To address these problems, we aimed to build a model as outlined above. The neural network is made up of a normalization layer, a long short-term memory (LSTM) layer, a hidden dense layer with 100 nodes, and a binary classification layer. As we will discuss later, we are able to swap out the output layer for different users. The LSTM layer is a gated recurrent unit, which will accommodate inputs of any length to the model. This is done by looping the layer’s output back into the LSTM and updating it for each unit of input. The dense layer will contain high level features or embeddings of a user’s keystroke dynamics. These embeddings are low dimensional vector representations of the inputs which, ideally, place similar inputs close together in the embedding space. We should also note that between each layer is a dropout of 0.3 for increased model generalization during training.

Keystrokes are input to the model sequentially as vectors, with each vector containing the dwell time of key n and the flight time between keys n and n+1. Since each input must be a hold time flight time pair, we drop the last keystroke from the input because this key does not have a flight time to a subsequent key.

Our method first trains the model to recognize different users entirely within a subset of the online data set. With the model trained to differentiate between those users, we assume the model identifies important, generalizable features of a user’s keystrokes in the embeddings layer. We then use transfer learning to apply the model to new users.

This is done by freezing the model from the input layer to the embeddings layer and dropping the original output classification layer.

For each new user, we replace the old output layer with a binary classification layer to determine whether a set of inputs should be accepted or rejected.
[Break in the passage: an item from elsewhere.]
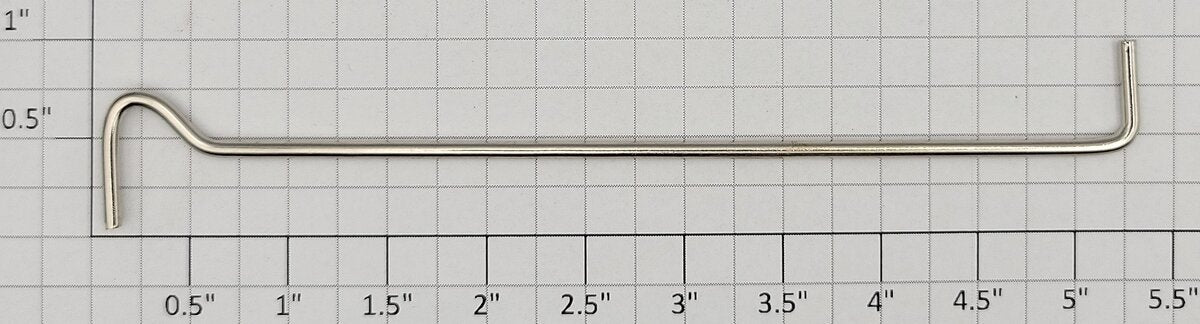 American Flyer PA12A247 Animated Station Adjusting Rod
We then retrain the template model to connect the frozen layers to the binary classification layer. This is done using the original training data as false inputs and 10 training inputs from the true user as true inputs. We upsample the 10 true training inputs to match the number of false training inputs. After this retraining step, we are able to begin accepting or rejecting new password attempts.
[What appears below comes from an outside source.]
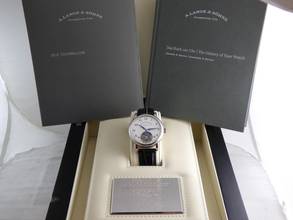Thumbnail von A. Lange & Söhne 1815 Tourbillion limited Edtion of 100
With this method of connecting a template model to a binary classification layer, we avoid having to store an entirely new model for each user and instead only have to store the weights from the template to the output to recreate the model for each user.
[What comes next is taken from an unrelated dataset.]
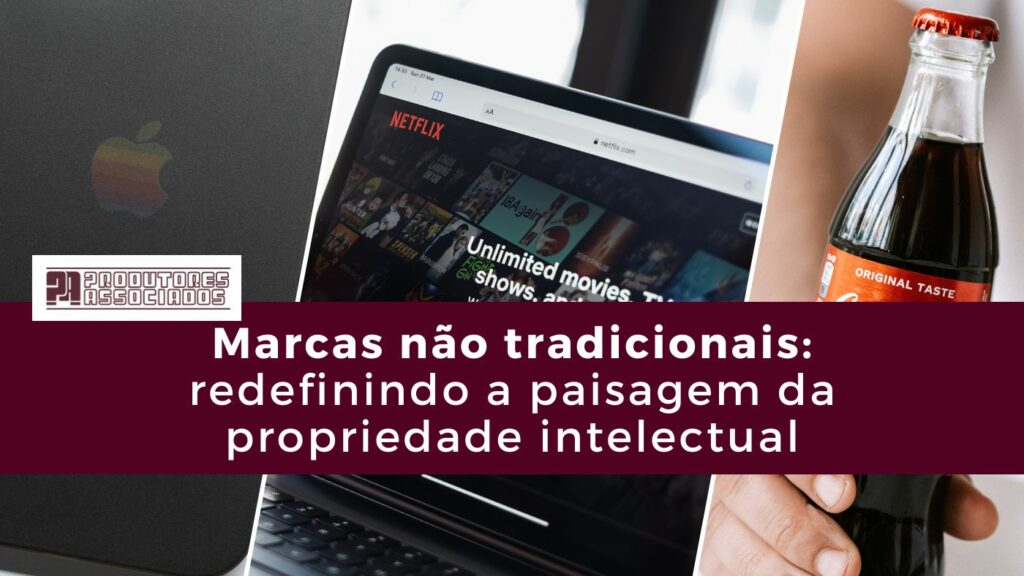 marcas não tradicionais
With this method of model creation established, we must find an optimal threshold for the binary classification layer to get as close to the Equal Error Rate as possible. This is done using leave one out cross validation tests with only the training data. For each user in the online data set, we perform the method described before with ⅔ of users as training and ⅓ as testing. The TARs and FARs at different thresholds are then averaged across users. We achieved the Equal Error rate on just the training data at a threshold of about 0.045 with about 70% TAR and 30% FAR. With the optimal threshold found using only the online data set, we tested the threshold on newly retrained models using the survey data set.